## [Work to be completed]
With the pictures left out, transcribe exactly the lines from the one with "方力申鄧麗欣好好戀愛，明星戀情曝光" through the end of the data.

## [Stored data]
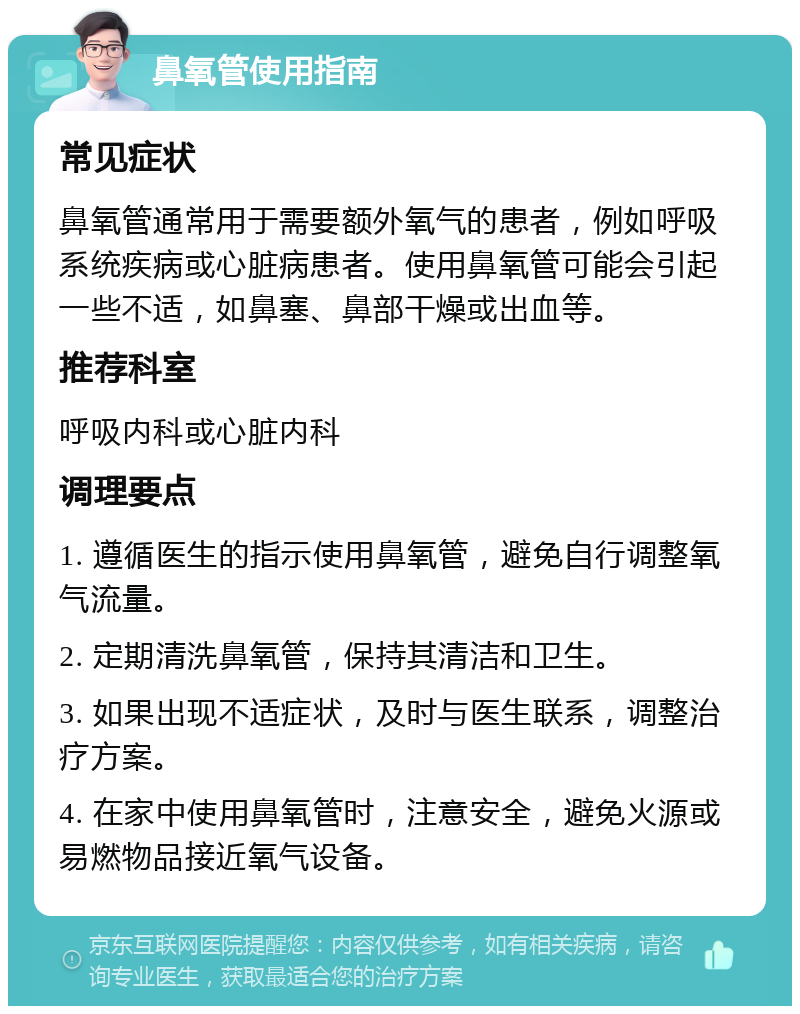 鼻氧管使用指南 常见症状 鼻氧管通常用于需要额外氧气的患者，例如呼吸系统疾病或心脏病患者。使用鼻氧管可能会引起一些不适，如鼻塞、鼻部干燥或出血等。 推荐科室 呼吸内科或心脏内科 调理要点 1. 遵循医生的指示使用鼻氧管，避免自行调整氧气流量。 2. 定期清洗鼻氧管，保持其清洁和卫生。 3. 如果出现不适症状，及时与医生联系，调整治疗方案。 4. 在家中使用鼻氧管时，注意安全，避免火源或易燃物品接近氧气设备。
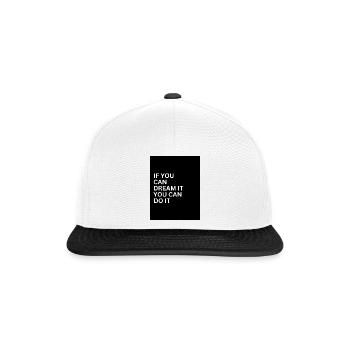 IF You Can Dream It You Can Do It - Snapback Cap - Weiß/Schwarz - Vorne
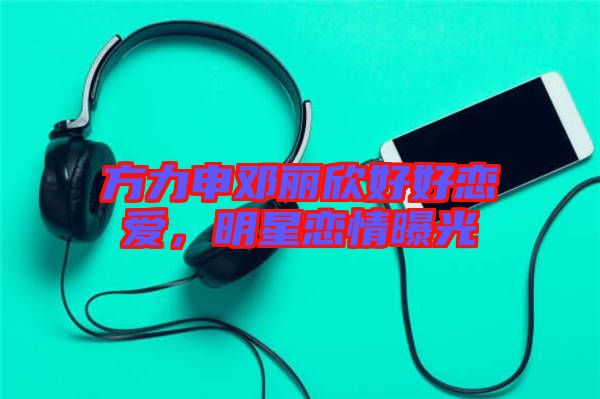 方力申鄧麗欣好好戀愛，明星戀情曝光
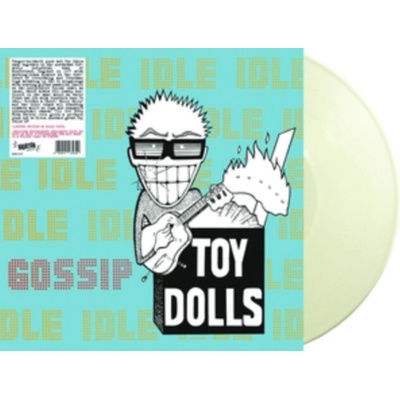 Toy Dolls - Idle Gossip White LP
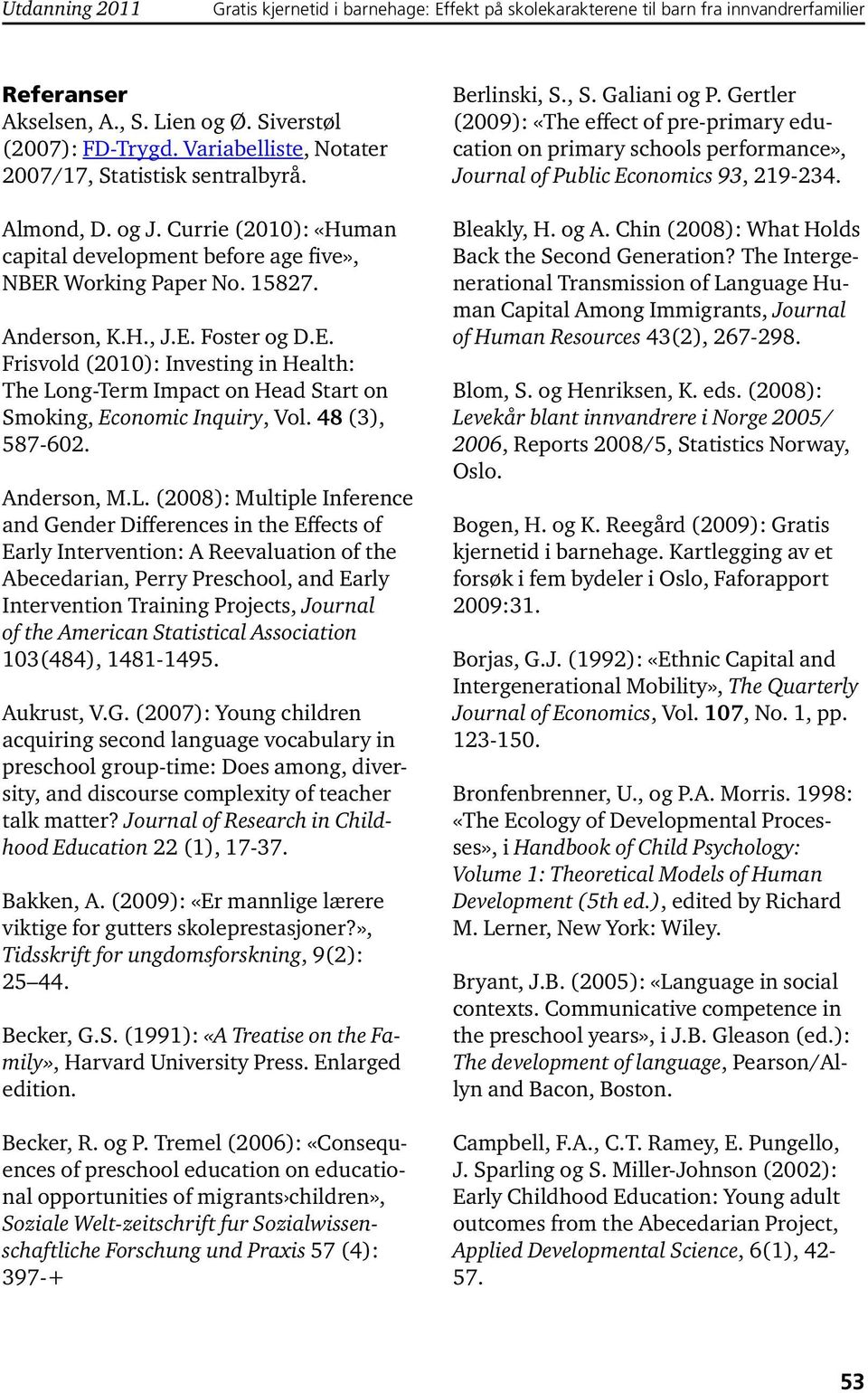 Working Paper No. 15827. Anderson, K.H., J.E. Foster og D.E. Frisvold (2010): Investing in Health: The Lo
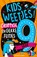 Kidsweetjes! Grappige en gekke feitjes - 9 jaar, Steve Martin ; Asterisk - Paperback - 9789000403516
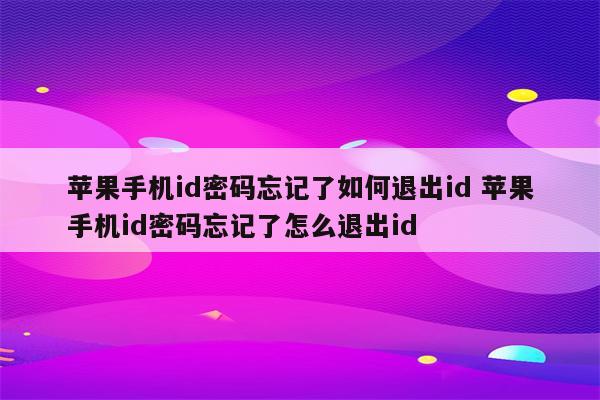苹果手机id密码忘记了如何退出id 苹果手机id密码忘记了怎么退出id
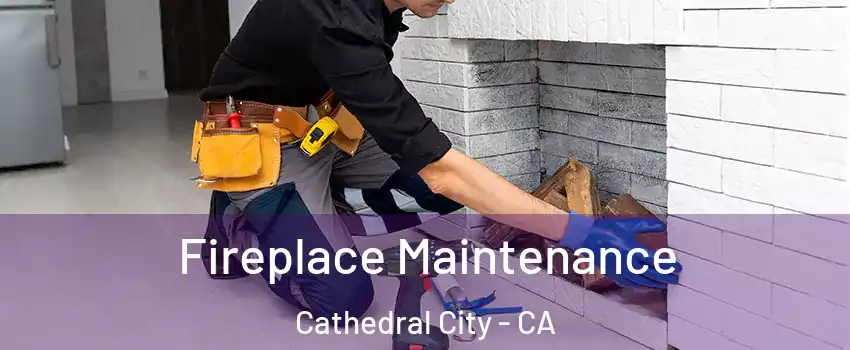  Fireplace Maintenance Cathedral City - CA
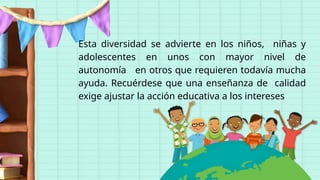Esta diversidad se advierte en los niños, niñas y
adolescentes en unos con mayor nivel de
autonomía en otros que requieren todavía mucha
ayuda. Recuérdese que una enseñanza de calidad
exige ajustar la acción educativa a los intereses
 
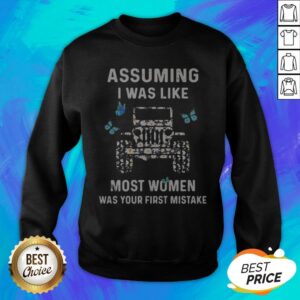 Alternative view of Assuming I Was Like Most Women Was Your First Mistake Shirt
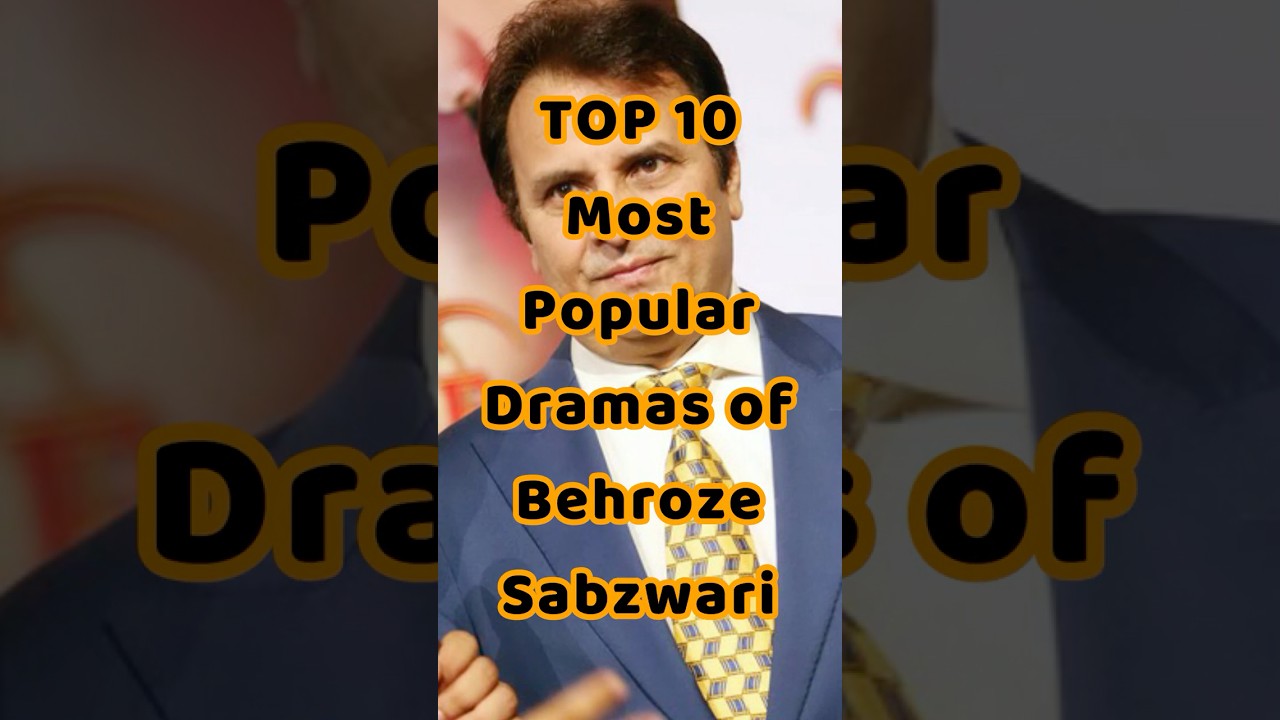 TOP 10 Top 10 Must-Watch Dramas Featuring Behroze Sabzwari 🎬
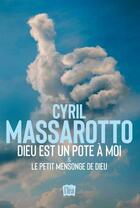 Couverture du livre « Dieu est un pote à moi : le petit mensonge de Dieu » de Cyril Massarotto aux éditions Xo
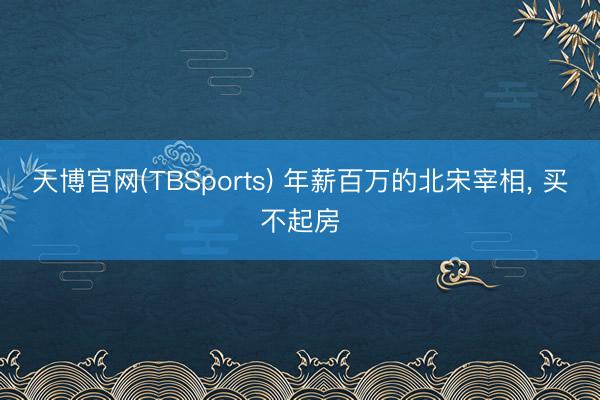 天博官网(TBSports) 年薪百万的北宋宰相， 买不起房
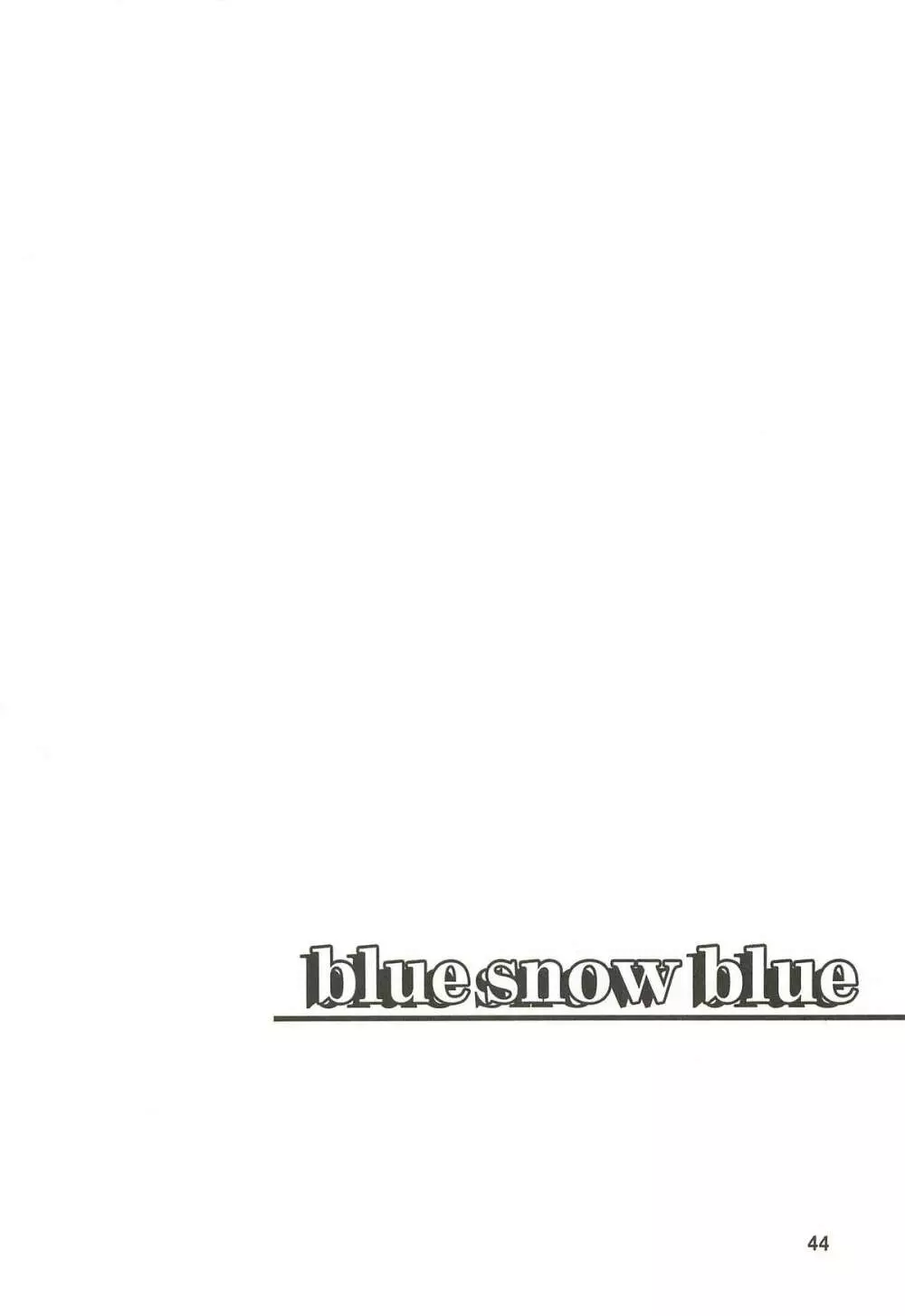 blue snow blue 総集編3 scene.7~scene.9 Page.45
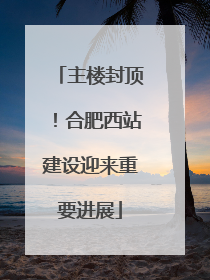 主楼封顶！合肥西站建设迎来重要进展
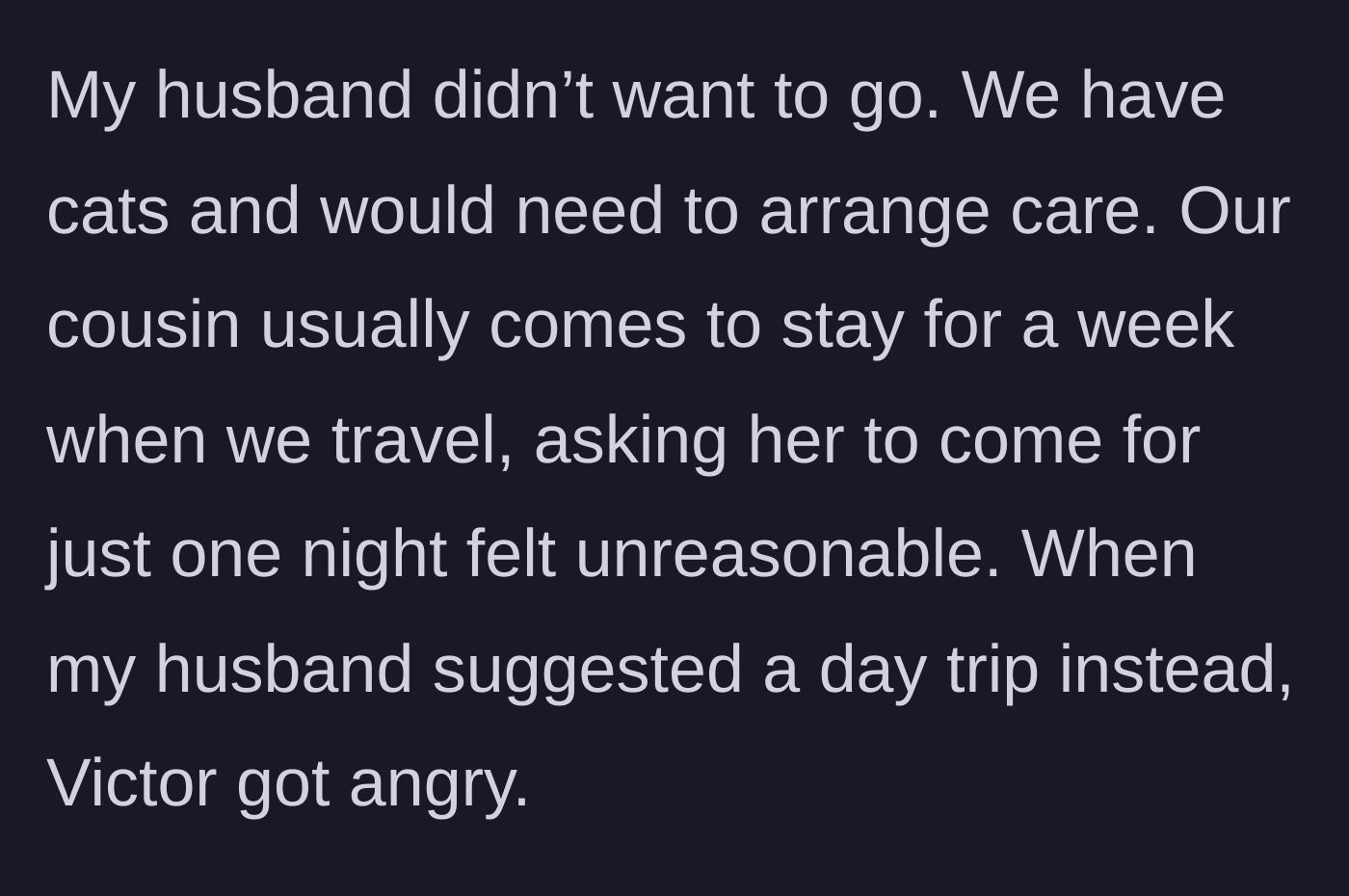 Story part 15 - The husband declining the trip due to pet care logistics, sparking Victor's rage.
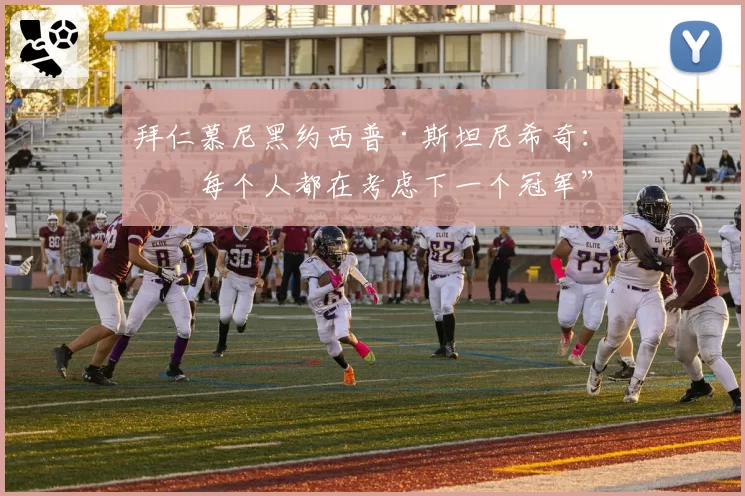 拜仁慕尼黑约西普·斯坦尼希奇：“每个人都在考虑下一个冠军”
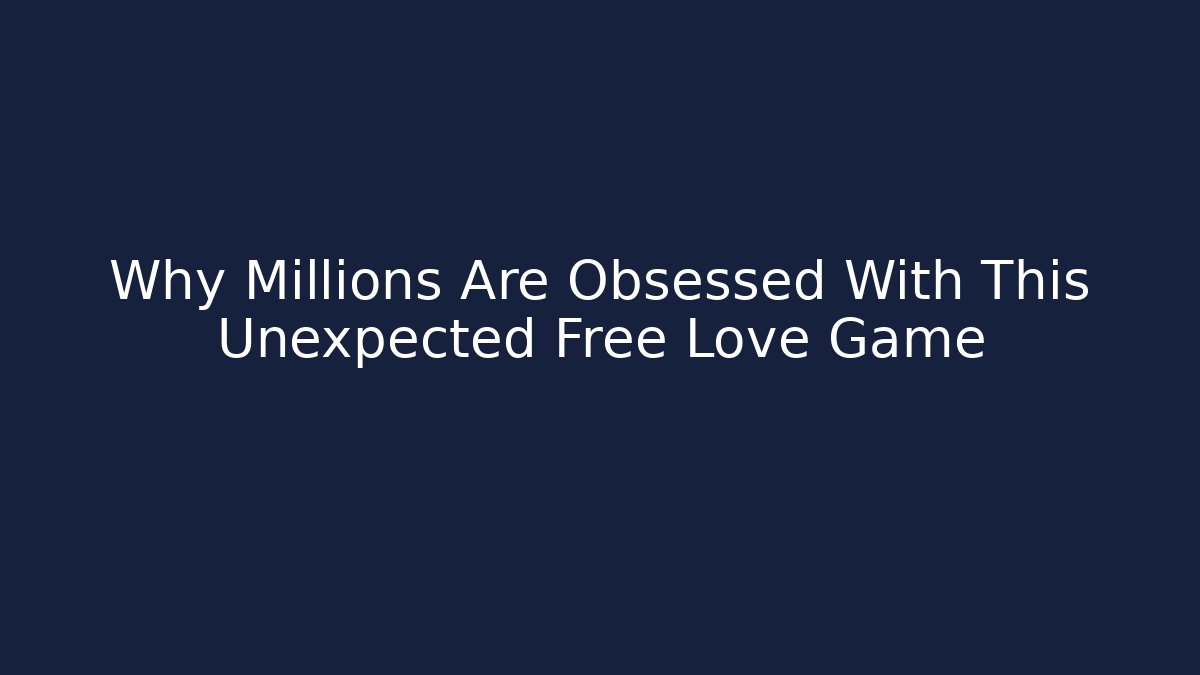 Why Millions Are Obsessed With This Unexpected Free Love Game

## [Answer below]
 方力申鄧麗欣好好戀愛，明星戀情曝光
 Toy Dolls - Idle Gossip White LP
 Working Paper No. 15827. Anderson, K.H., J.E. Foster og D.E. Frisvold (2010): Investing in Health: The Lo
 Kidsweetjes! Grappige en gekke feitjes - 9 jaar, Steve Martin ; Asterisk - Paperback - 9789000403516
苹果手机id密码忘记了如何退出id 苹果手机id密码忘记了怎么退出id
  Fireplace Maintenance Cathedral City - CA
Esta diversidad se advierte en los niños, niñas y
adolescentes en unos con mayor nivel de
autonomía en otros que requieren todavía mucha
ayuda. Recuérdese que una enseñanza de calidad
exige ajustar la acción educativa a los intereses
 
 Alternative view of Assuming I Was Like Most Women Was Your First Mistake Shirt
 TOP 10 Top 10 Must-Watch Dramas Featuring Behroze Sabzwari 🎬
 Couverture du livre « Dieu est un pote à moi : le petit mensonge de Dieu » de Cyril Massarotto aux éditions Xo
 天博官网(TBSports) 年薪百万的北宋宰相， 买不起房
 blue snow blue 総集編3 scene.7~scene.9 Page.45
 主楼封顶！合肥西站建设迎来重要进展
 Story part 15 - The husband declining the trip due to pet care logistics, sparking Victor's rage.
 拜仁慕尼黑约西普·斯坦尼希奇：“每个人都在考虑下一个冠军”
 Why Millions Are Obsessed With This Unexpected Free Love Game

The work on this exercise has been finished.